Pressemitteilung vom 16.03.2012
Zum Abschluss ihrer Reise nach Israel und in die Palästinensischen Gebiete erklären Jürgen Trittin, Fraktionsvorsitzender, und Kerstin Müller, Sprecherin für Außenpolitik:
Der Nahostfriedensprozess stagniert. Gleichzeitig setzen sich negative Entwicklungen gegen das Konzept einer Zwei-Staaten-Regelung fort. Sowohl in der israelischen wie der palästinensischen Gesellschaft ist eine Mehrheit für eine Zwei-Staaten-Regelung und gleichzeitig gibt es bei beiden eine Mehrheit, die nicht mehr daran glaubt.
Aktuell zeigen beide Seiten kein Interesse, die Stagnation im Friedensprozess zu überwinden – auch aus innenpolitischen Gründen. Gleichzeitig finden in der Region tiefgreifende Veränderungsprozesse statt, die die Lage ändern können – vom Machtwechsel in Ägypten bis zum Bürgerkrieg in Syrien.

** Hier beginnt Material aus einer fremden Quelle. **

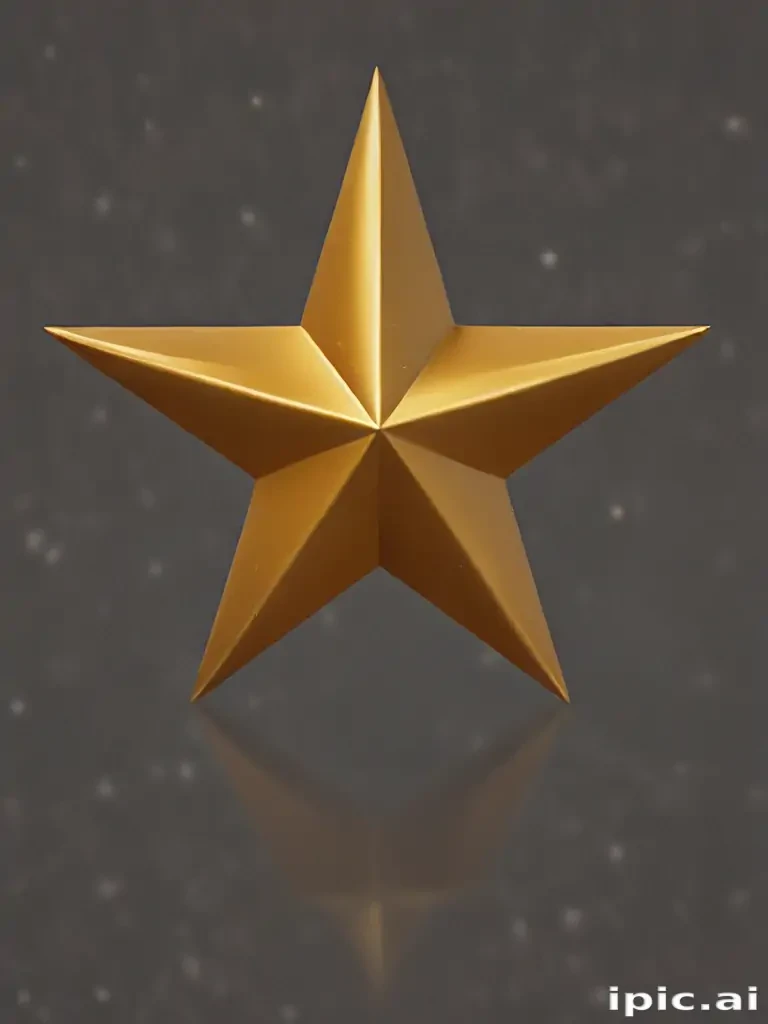 golden star png
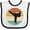 White and Black, variant on Inktastic Karate Martial Arts Silhouette Boys or Girls Baby Bib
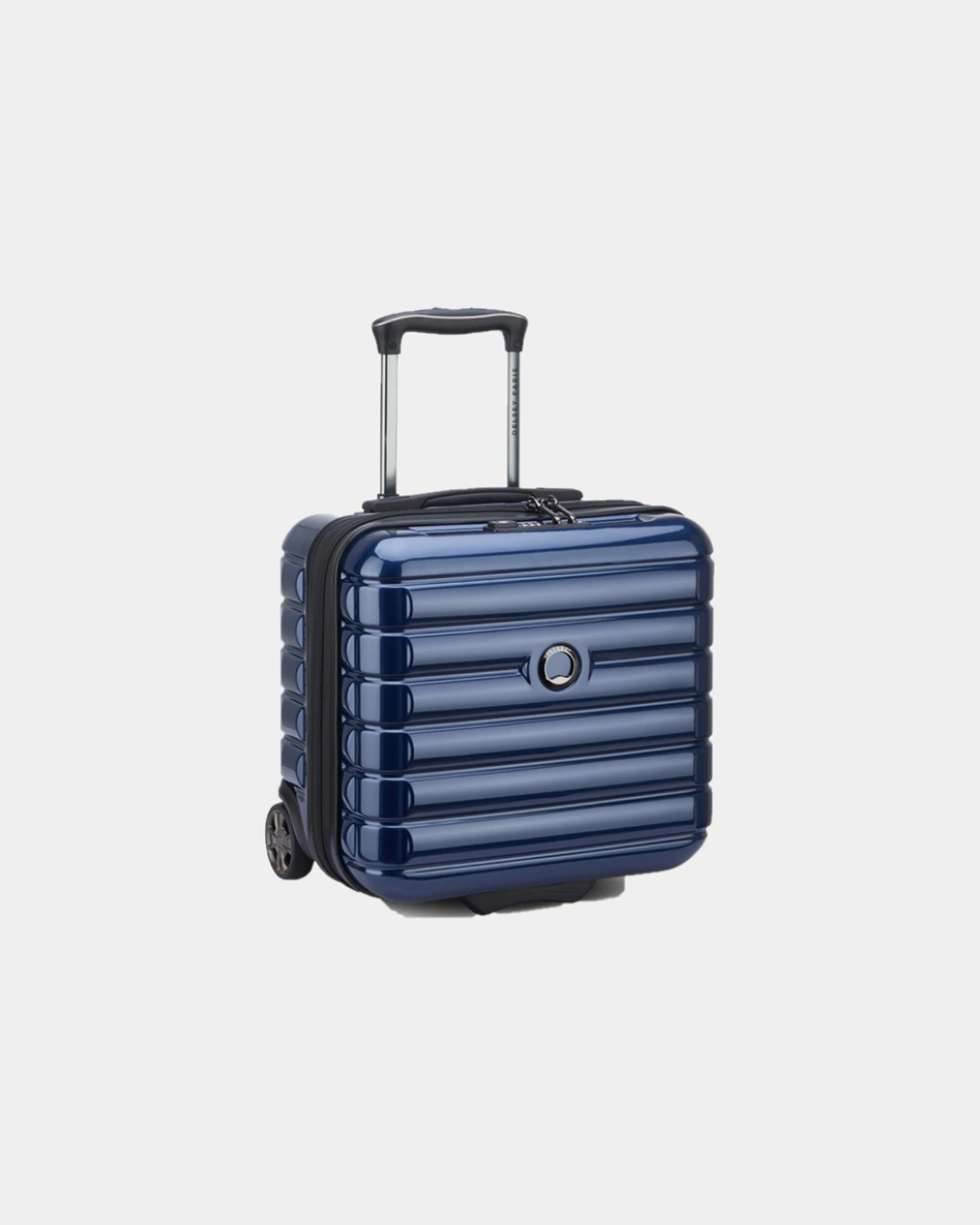 Trolley cabina policarbonato Delsey da personalizzare - Blu marino profondo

Dieses verändert die Sicherheitslage Israels wie auch die Kräfteverhältnisse innerhalb der gespaltenen Palästinenser.
Auf dem Boden insbesondere der Westbank wird eine Zwei-Staaten-Regelung unter anderem durch den fortschreitenden Besiedlungsprozess im Wortsinn immer mehr verbaut. Während die anhaltende Siedlungspolitik droht, eine Zwei-Staaten-Lösung immer unwahrscheinlicher zu machen, wird dieses Konzept selbst in Frage gestellt, etwa durch gewaltfreie Aktivisten auf palästinensischer Seite. Wie die Idee eines mehrheitlich jüdischen Staates und auch das Selbstbestimmungsrecht der Palästinenser in einem anderen Konzept zu sichern sind, darauf gibt es zurzeit auf beiden Seiten keine Antwort.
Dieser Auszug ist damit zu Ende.